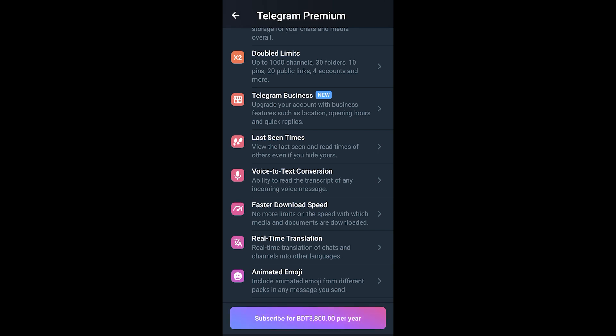There are two options by which you can hide your last seen and online. One of which is in the Premium subscription and the other one is in the Free option. So, if someone without the Premium subscription turns their last seen off, you can always buy the Premium subscription and see if they turned it off or not.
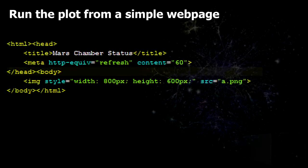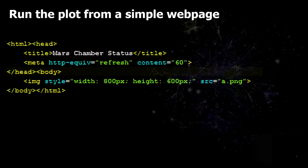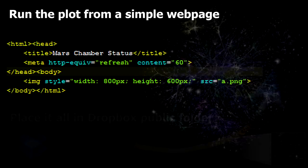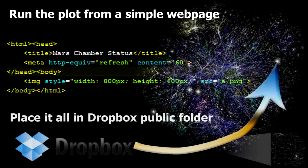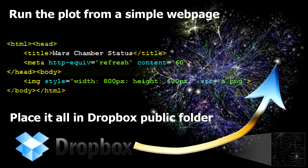So now here is an example of probably the lamest web page in the world. Its only function is to show the picture and refresh every 60 seconds. But it works. Now since the Niels Bohr Institute has a crazy IT security, you cannot run a web server from within the firewall. But what you can do is you can place all this code in your public folder in Dropbox. And then you have a web page you can view from wherever you are in the world.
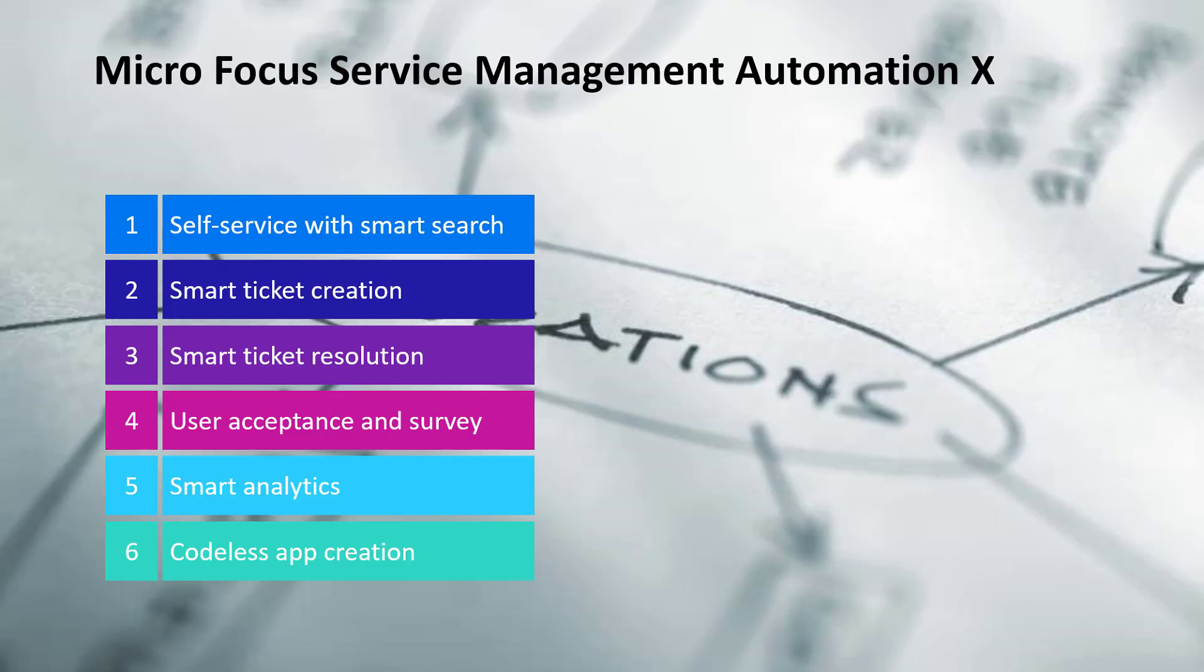Welcome to Micro Focus Service Management Automation X, a machine learning and analytics based ITSM and ESM solution for the digital age.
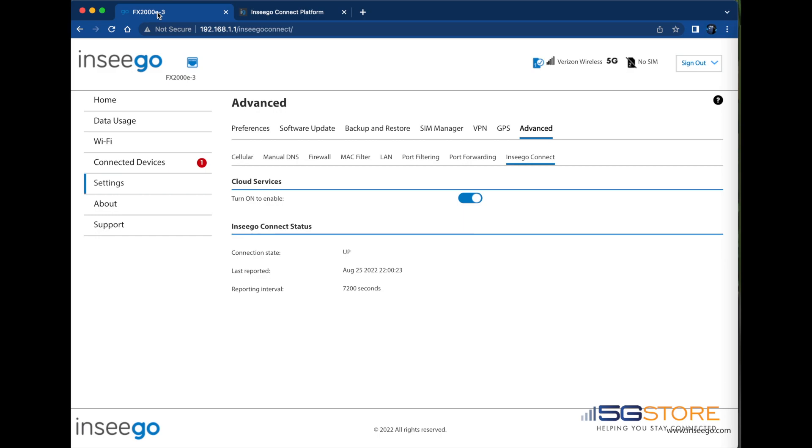At any time, we can also go back to the Inseego Web Administration page under Inseego Connect and verify that it is connected along with when it last checked in.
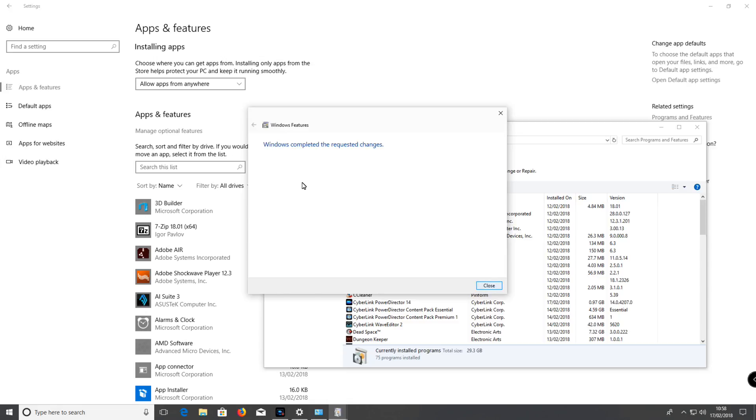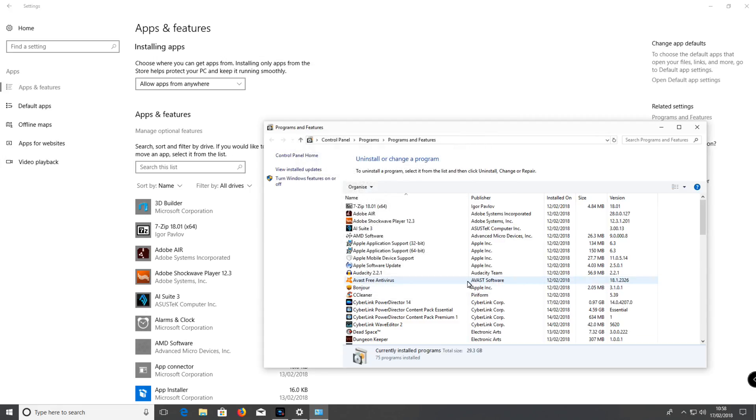Click Close. Maybe you should restart. You can do it, but I'm not going to restart my computer.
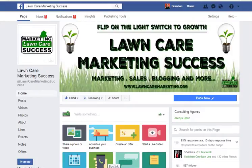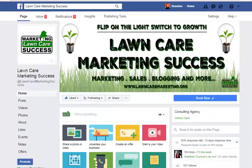Hey guys, this is Brandon checking in with you with Lone Care Marketing Success. As I've been dealing with a lot of Facebooks lately and helping a lot of people set up their Facebooks and do social media, one of the questions I ran into is how to make somebody an admin on Facebook. I figured I'd give you this tutorial to make it quick and simple for you.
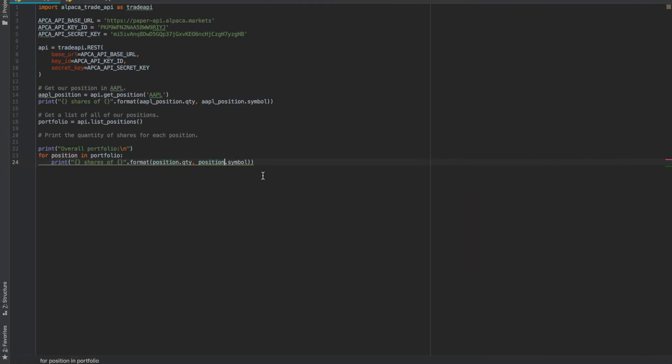I'm using PyCharm's IDE, and as you can see up here, I've set up my paper trading keys so we're ready to go.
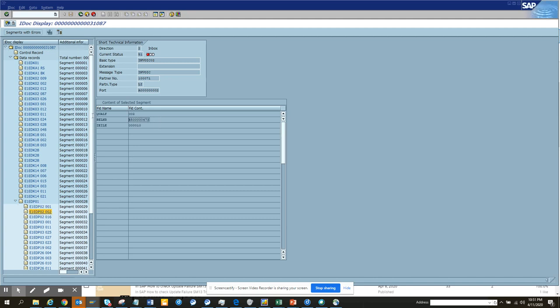Now the requirement is someone has sent me an IDoc, I don't really know what is the IDoc number. How will I find it? There should be a way. It's not possible for me to go into every possible IDoc and check which one it is.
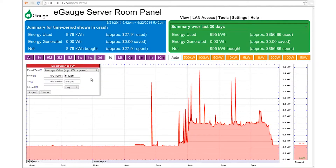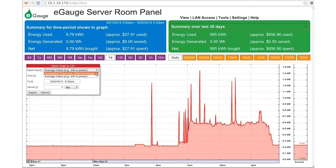A dialog box will appear. First, set the type of data to be exported: average or cumulative. Note that cumulative values appear as time-weighted kWh totals for the specified interval, where average values appear as an instantaneous kWh value.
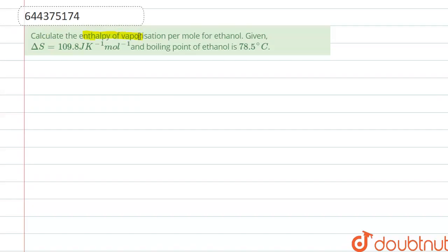Hello everyone. Here the question is: calculate the enthalpy of vaporization per mole for ethanol. Given that the entropy change, delta S, is equal to 109.8 joule kelvin inverse mole inverse, and the boiling point of ethanol is 78.5 degrees celsius.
--
Problem description: From the line containing "A dialog box" through the last line of the records, both included, output those lines exactly and nothing else; skip the pictures.

Solved exercise:
A dialog box will appear. First, set the type of data to be exported: average or cumulative. Note that cumulative values appear as time-weighted kWh totals for the specified interval, where average values appear as an instantaneous kWh value.
Hello everyone. Here the question is: calculate the enthalpy of vaporization per mole for ethanol. Given that the entropy change, delta S, is equal to 109.8 joule kelvin inverse mole inverse, and the boiling point of ethanol is 78.5 degrees celsius.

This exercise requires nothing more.